Das fand ich frech und habe es
einfach ignoriert. Doch dann ließ Gustav seine sonore Stimme erschallen. Es ist schwer, bei seinen
donnernden Worten wieder einzunicken und so habe ich mir Wort für Wort gemerkt,
was er von sich gab, wobei mir sieben Worte besonders im Gedächtnis blieben:
Zottel, nur Herumsitzen ist
der falsche Weg. Du solltest mit Achtsamkeit den Stellenwert deiner Tätigkeit
ausloten und dich nicht lapidar irgendeinem Tun – und schon gar nicht dem
Faulenzen – verschreiben. Die Wertschätzung,
die du selbst deiner Arbeit entgegenbringst, ist entscheidend und wirkt sich auch
signifikant auf die Akzeptanz deiner Klientel
– in deinem Fall der deiner Leserschaft – aus. Sei aber auf der Hut, denn dein
Schreiben hängt maßgeblich von deinem Duktus ab. Denke an unsere Kanzlerin, die
ihr Missfallen auf exakt diese Weise auch schon zum Ausdruck brachte und sagte:
„Das ist nicht mein Duktus“.
Der alte Rhetoriker Gustav, der
mit diesem Wortschwall beeindrucken wollte, hatte es doch tatsächlich
geschafft, dass ich mit einem Mal hellwach war. Und wie auf Kommando kamen auch
ein paar Sonnenstrahlen ins Zimmer. Mein Blick fiel durch die Glastür auf den
Balkontisch. Huch, was hatte sich denn da getan, während ich schlief? Da hatte
doch jemand Ranunkeln gepflanzt. Glücklicherweise keine Stiefmütterchen, denn die mag ich nicht, wie meine langjährigen Leser sich erinnern. Bellis wären schöner
gewesen, wie ich finde und ihr Name verrät, aber ich hatte ja mein
Mitspracherecht verschlafen. So hatte Cara eigenmächtig den Frühling in Szene
gesetzt. Ich lobe sie ja nicht oft, aber was ich sah, gefiel mir. Nun wollte
ich auch wieder aktiv werden, holte sofort ihren ollen Fotoapparat hervor und machte
ein paar Bildchen.
Bei Zottel hat es zoom gemacht |
Blutrot und fast so zottelig wie mein Fell
|
Sage jetzt niemand, die Fotos seien nicht gut geworden!

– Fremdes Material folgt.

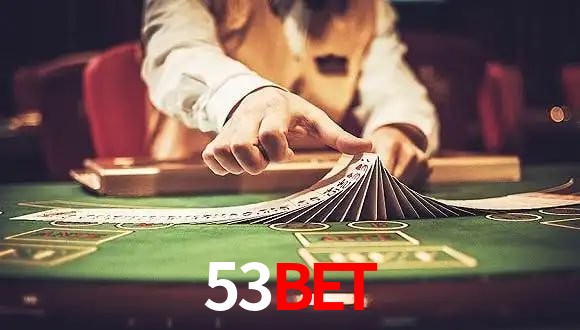 Basketball Betting 53bet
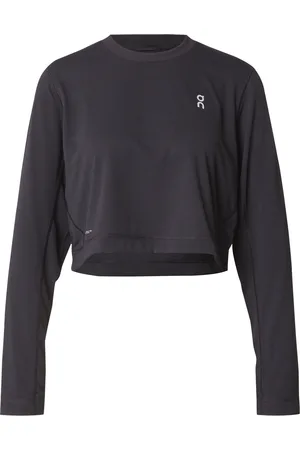 On Running Camiseta funcial
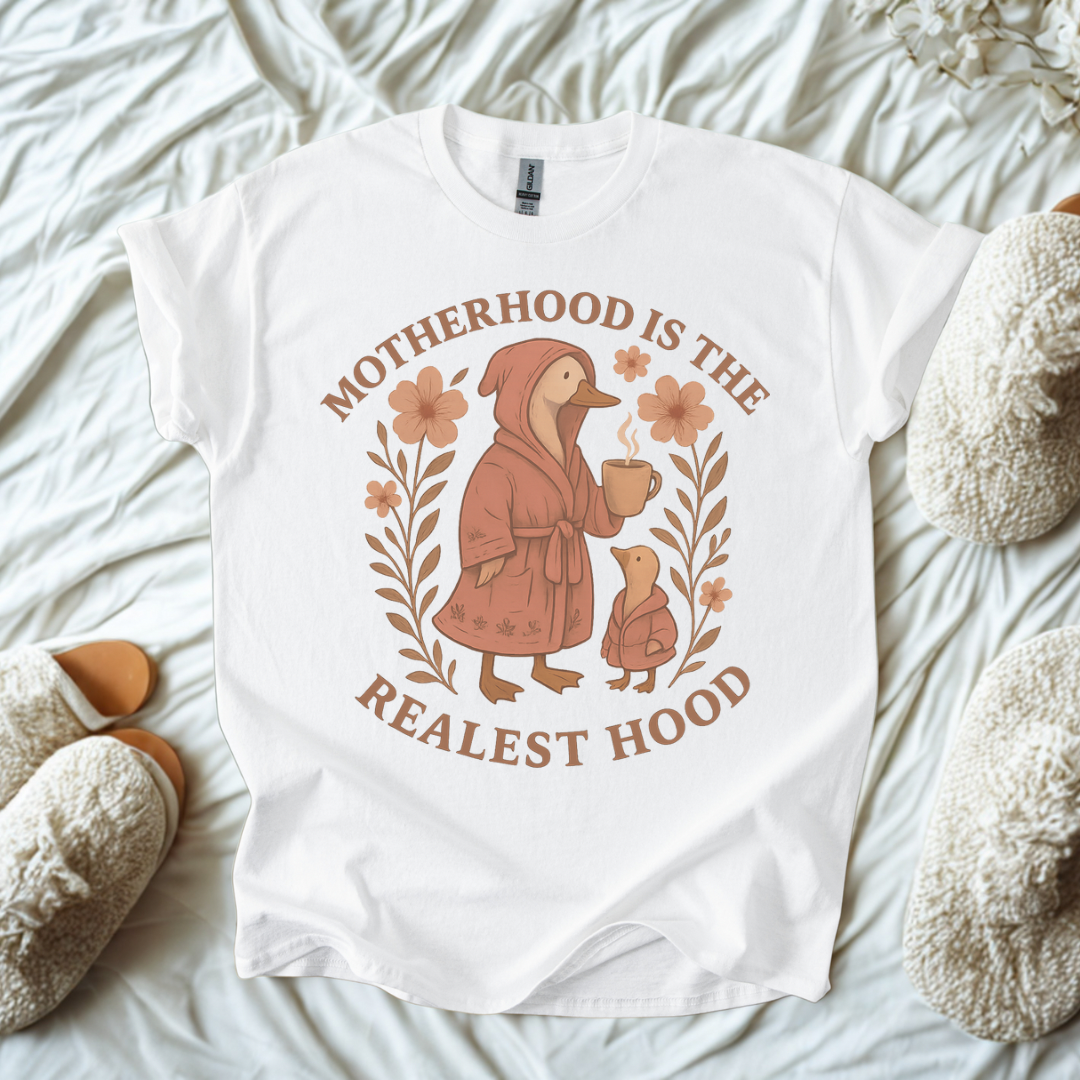 Motherhood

Fotografieren ist mein neuestes Hobby und aller Anfang ist schwer. Schließlich ist ja auch das Schreiben meine Passion. Man soll nicht lapidar irgendetwas machen, hat Gustav gesagt. Na ja,
so ähnlich jedenfalls hat er sich ausgedrückt.
Und dann fiel mir beim Surfern im
Internet eine Seite auf. Pflanzenfotos wurden gesucht und die sollte man an ein Krankenhaus
in Leipzig schicken, damit die Kinder,
die die Station nicht verlassen dürfen, ein bisschen Natur in ihr Zimmer
gebracht bekommen. Keine Frage, eine supertolle Idee. Ich erinnerte mich noch an
meine blöde Erkältung zu Pfingsten vor einigen Jahren. Da durfte ich auch nicht
raus. Das war ganz schrecklich.
Mein Entschluss steht fest, auch
wenn meine Bilder nicht die eines Profis sind, ich schicke sie den Kindern
doch. Und vielleicht gibt es ja in meiner Klientel meinem Leserkreis jemanden,
der das auch tun möchte und viel, viel besser kann als ich.